This is my first attempt at learning binary trees. I'm looking for general feedback on how it could be made cleaner, more idiomatic, or more efficient.
data Tree a = ETree | Node (Tree a) (Tree a) a deriving (Show)
tInsert :: Ord o => o -> Tree o -> Tree o
tInsert x ETree = Node ETree ETree x
tInsert x (Node lT rT a)
| x < a = Node (tInsert x lT) rT a
| x > a = Node lT (tInsert x rT) a
| otherwise = Node lT rT x
-- Folds a list into a tree
tFromListL, tFromListR :: Ord o => [o] -> Tree o
tFromListL = foldl (flip tInsert) ETree
tFromListR = foldr tInsert ETree
-- Turns a tree into a list
tToList :: Ord o => Tree o -> [o]
tToList ETree = []
tToList (Node lT rT a) = (tToList lT) ++ [a] ++ (tToList rT)
-- Splits a list roughly in half (as part of balancing)
splitInHalf :: [a] -> ([a],[a])
splitInHalf xs = splitAt (round $ (fromIntegral $ length xs) / 2.0) xs
-- Returns how unbalanced a node is
tUnbalancedBy :: Tree a -> Int
tUnbalancedBy ETree = 0
tUnbalancedBy (Node lT rT _) = absDiff (tDepth lT) (tDepth rT)

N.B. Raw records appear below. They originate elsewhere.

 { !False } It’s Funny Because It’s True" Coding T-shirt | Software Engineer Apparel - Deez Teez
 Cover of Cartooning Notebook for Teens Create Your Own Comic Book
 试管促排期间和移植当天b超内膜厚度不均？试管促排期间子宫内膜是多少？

-- Arranges a list in such a way that it forms a more balanced tree
balanceList :: [a] -> [a]
balanceList xs = let (fH,sH) = splitInHalf xs in (reverse fH) ++ sH
-- "Inefficient balance"
tIneffBalance :: Ord o => Tree o -> Tree o
tIneffBalance = tFromListL . balanceList . tToList
-- Finds the min/max values of a tree
tMin, tMax :: Ord o => Tree o -> o
tMin ETree = error "tMin called on an Empty Tree"

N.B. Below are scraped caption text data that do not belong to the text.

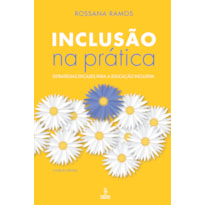 INCLUSÃO NA PRÁTICA: ESTRATÉGIAS EFICAZES PARA A EDUCAÇÃO INCLUSIVA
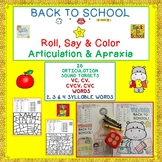 BACK TO SCHOOL ARTICULATION & APRAXIA ROLL, SAY & COLOR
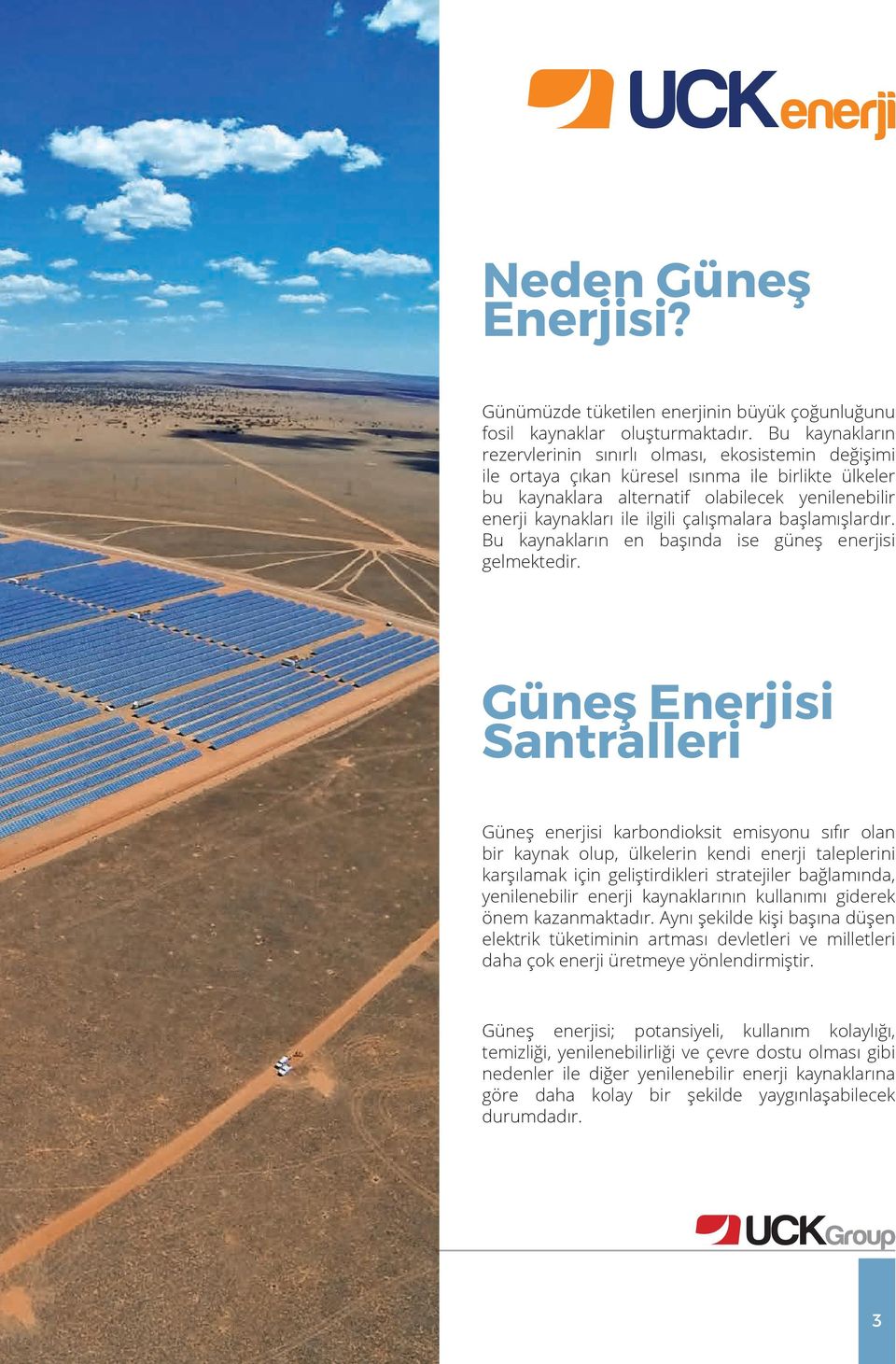 çalışmalara başlamışlardır. Bu kaynakların en başında ise güneş enerjisi gelmektedir.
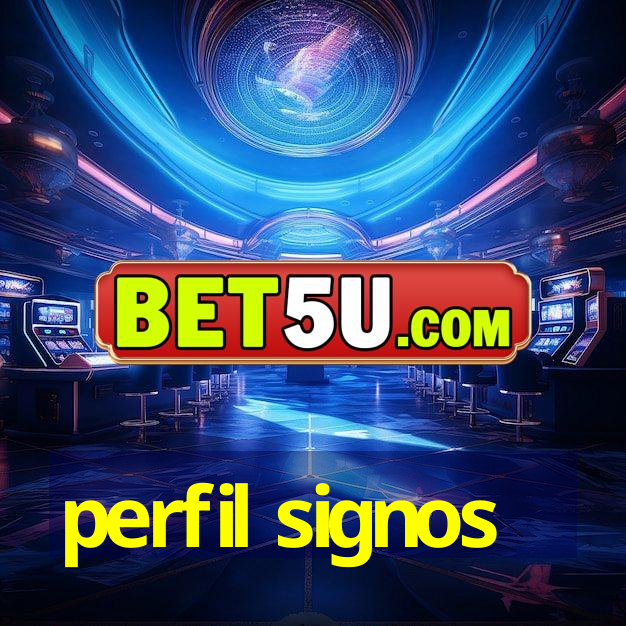 perfil signos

tMin (Node lT _ a) = case lT of
ETree -> a
(Node lT' _ _) -> tMin lT'
tMax ETree = error "tMax called on an Empty Tree"
tMax (Node _ rT a) = case rT of
ETree -> a
(Node _ rT' _) -> tMax rT'
-- Find the max depth of a tree
tDepth :: Tree a -> Int
tDepth ETree = 0
tDepth (Node lT rT _) = 1 + max (tDepth lT) (tDepth rT)
-- Finds how many nodes a tree contains
tSize :: Tree a -> Int
tSize ETree = 0
tSize (Node lT rT _) = 1 + (tSize lT) + (tSize rT)

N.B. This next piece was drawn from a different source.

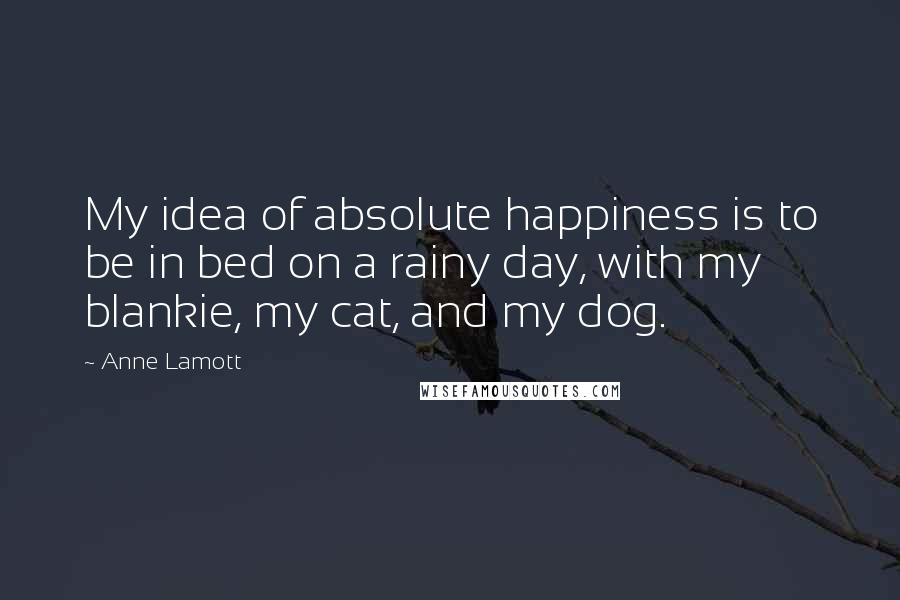 Anne Lamott Quotes: My idea of absolute happiness is to be in bed on a rainy day, with my blankie, my cat, and my dog.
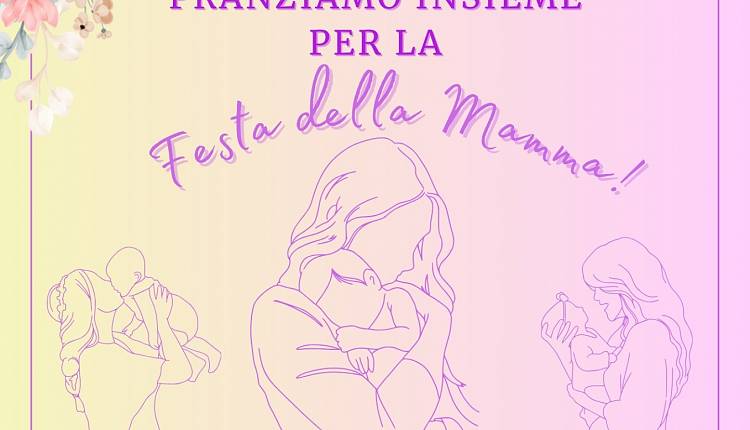 Evento Pranzo insieme per la festa della mamma Dintorni di Firenze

absDiff :: Int -> Int -> Int
absDiff x y = abs $ x - y
-- Checks if a node is balanced
tIsBalanced :: Tree a -> Bool
tIsBalanced ETree = True
tIsBalanced n
| tUnbalancedBy n > 2 = False
| otherwise = True
-- Checks if a value is an element of the tree
tElem :: Ord o => o -> Tree o -> Bool
tElem x ETree = False
tElem x (Node lT rT a)
| x < a = tElem x lT
| x > a = tElem x rT
| otherwise = True
tDelete :: Ord o => o -> Tree o -> Tree o
tDelete _ ETree = ETree
tDelete _ n@(Node ETree ETree _) = n -- Or give "Not found" error?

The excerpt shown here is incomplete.